II
The Nature of Stentor
What is a newspaper? Ask any editor or proprietor, and he will tell you that its primary function is the dissemination of news, and its secondary, but none the less immensely important, task is that of commenting on the happenings of to-day or forecasting those of to-morrow, with the object of educating the community and guiding public opinion. So we are frequently informed, in rotund periods, by noble lords who respond to the toast of The Press at public feastings.
What, actually, is a newspaper? To begin with, it contains advertisements, mainly of women’s dress, soaps, face creams and powders, chocolate, beer, whisky, tobacco, and motor cars. Democracy’s needs.
Then there is a page of pictures, gathered at great expense from the ends of the earth, often transmitted by aeroplane, and providing a feast of new hats and evening wraps from Paris, railway accidents, shipwrecks, upturned tramcars and motor lorries that have fallen into ditches, the more or less recognisable portraits of men and women performing at the Divorce Courts or for some other reason temporarily in the public eye, photographs of film actresses, and pictures of the diversions of the Rich at the races, on the moors, on the Lido, and on the Riviera. Democracy’s peep-show.
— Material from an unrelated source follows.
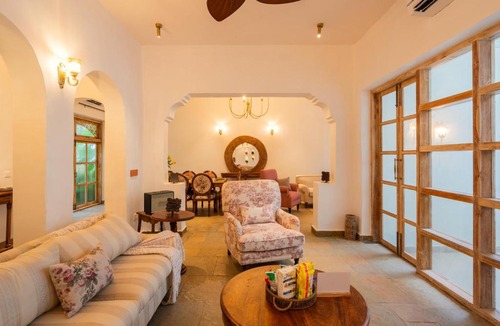 Assagao Villa | Amayah Rasa Luxury Villa With Private Pool, 4-BHK, Assagao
After these hors d’œuvres come the leading articles, letters to the editor, “nature notes” straight from Fleet Street, an instalment of a serial story depicting a life such as was never lived on land or sea, pictures which are believed to amuse the children, and “leader page articles” largely contributed (or at least signed) by doctors, divines, the wives of ex-Cabinet Ministers, Russian Princesses, actresses, and—occasionally—journalists.
There are also articles in which women are instructed how to dress, cook, arrange a luncheon table, plan schemes of interior decoration, pack their trunks for a holiday, economise in the household, and retain the affection of their husbands.
The residue is news.
But not all of it.
For much of this residue is news only in a specialised and restricted sense. City notes, produce market notes, the movements of shipping, and golf, bridge, gardening, or motoring notes do not appeal to every reader. Nor, for that matter, does literary criticism, or the critiques of plays, films, concerts, and picture exhibitions.
But the residue of the residue is news. And that includes “gossip” by ladies and gentlemen apparently on terms of the utmost intimacy with Royalty and the nobility and gentry, the deaths of centenarians, the bright sayings of witnesses at police courts, the witty sayings of judges, the wise sayings of magistrates, and the futile sayings of coroners.